The cooperative movement in India plays a crucial role in the dairy, agricultural, banking, and housing sectors. The history of cooperatives in India is more than a hundred years old, developing rapidly after Indian independence. As of 1 January 2026, over 848,000 cooperatives are active, according to the information available on the National Cooperative Database. Many cooperative societies, particularly in rural areas, increase political participation and are used as a stepping stone by aspiring politicians.

== History ==

Organised cooperative activity in India began with the enactment of Co-operative Credit Societies Act, 1904. The law was enacted on the recommendation of the Edward Law Committee and modelled partly on the Friendly Societies Act 1896. In the initial stage cooperative movement in India grew slowly. Following the enactment, British govt formed a cooperative rule on the basis of report given by Fredric Nicholson, a British officer of Madras region. The first cooperative society formed in TIRUR of Tiruvallur district of present day state of TamilNadu becoming the first cooperative of Asia. It was started by Adhinarayana Ayya on 30 August 1904.

== Government initiatives ==

Recent Govt initiatives include digitalization of PACS,introduction of model by-laws for formation of new primary cooperatives,preference of cooperatives for common service center and jan aushadhi stores.Ministry of Cooperation has launched white revolution 2.0 for resilent milk production and procurement by cooperatives.

=== Legal framework ===

Co-operative Societies Act (1912) provides the legal framework.

=== Policy and strategic intervention ===

National Policy on Cooperatives was formulated in 2002 to develop the cooperative societies sector.

The Ministry of Cooperation revised the old policy and launched National Cooperation Policy 2025. The new policy promotes the vision of 'Sahkar Se Samriddhi' (Prosperity through Cooperation) while contributing the India's long-term development agenda including its goal of becoming Vikshit Bharat by 2047.

=== Union Government Ministry of Cooperation ===
The Union Ministry of Cooperation is a ministry under the Government of India which was formed in July 2021. The ministry provides a separate administrative, legal and policy framework for strengthening the cooperative movement in the country. The ministry's creation was announced on 6 July 2021 along with its vision statement of "Sahkar se samriddhi". Before the creation of this ministry, the objectives of this ministry were looked after by the Ministry of Agriculture.

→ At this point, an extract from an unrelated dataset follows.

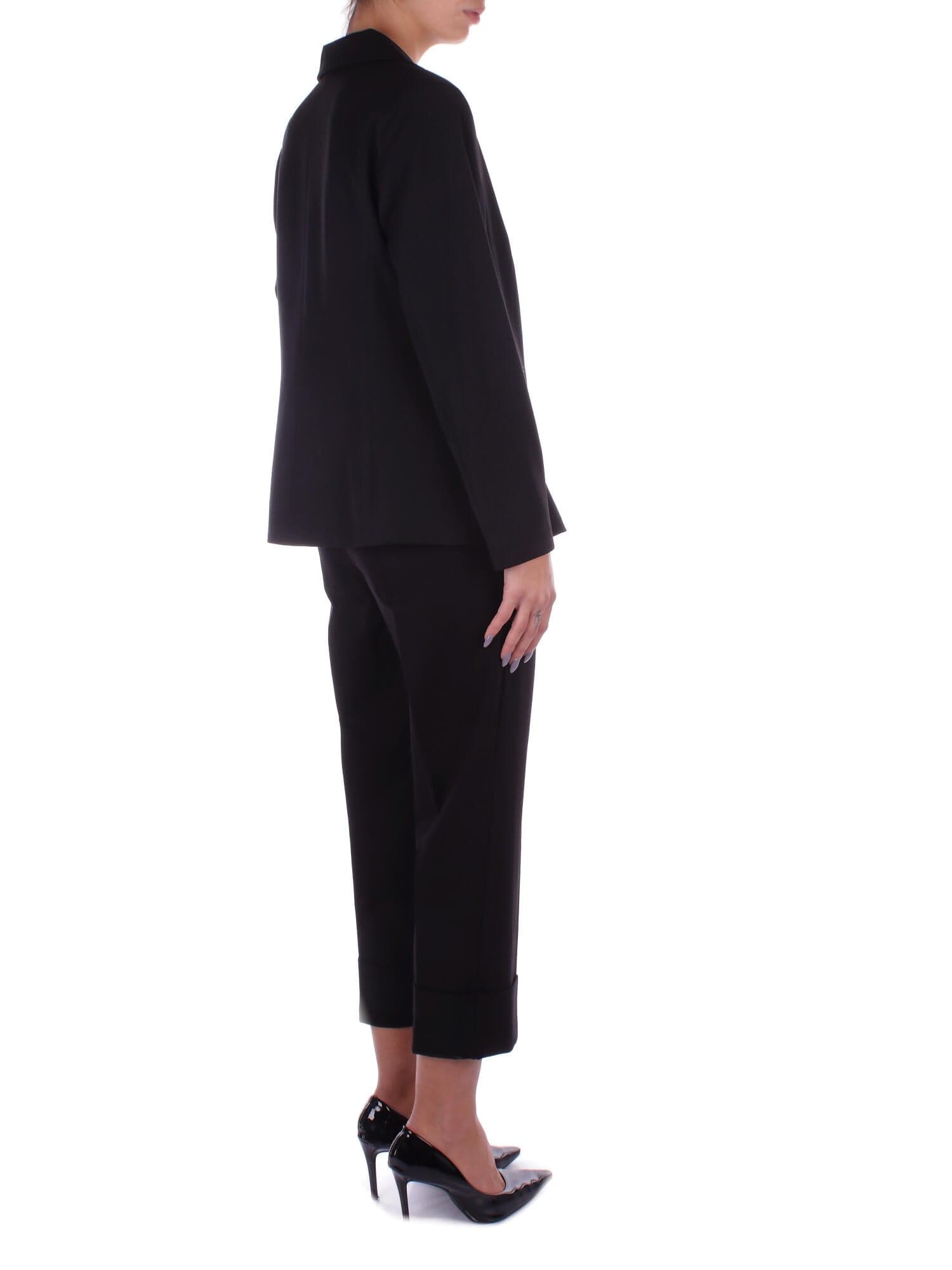 H2O Pantaloni Nero da donna in Pantaloni Drestige - Casamassima, commercioVirtuoso.it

The ministry works in strengthening cooperatives at the grassroot level, working to streamline processes for 'Ease of doing business' for cooperatives and enabling the development of Multi-State Co-operatives (MSCS). The same was initially announced by Finance Minister Nirmala Sitharaman while presenting the 2021 Union budget.
The ministry was created with objectives of:

- To realise the vision of "Sahkar se Samriddhi" (prosperity through cooperation).
- To streamline processes for ‘'Ease of doing business’' for cooperatives and enable development of Multi-State Co-operatives (MSCS)
- To provide a separate administrative, legal and policy framework for strengthening the cooperative movements in the country.
- To deepen the cooperative as a true people-based movement reaching up to the grassroot level.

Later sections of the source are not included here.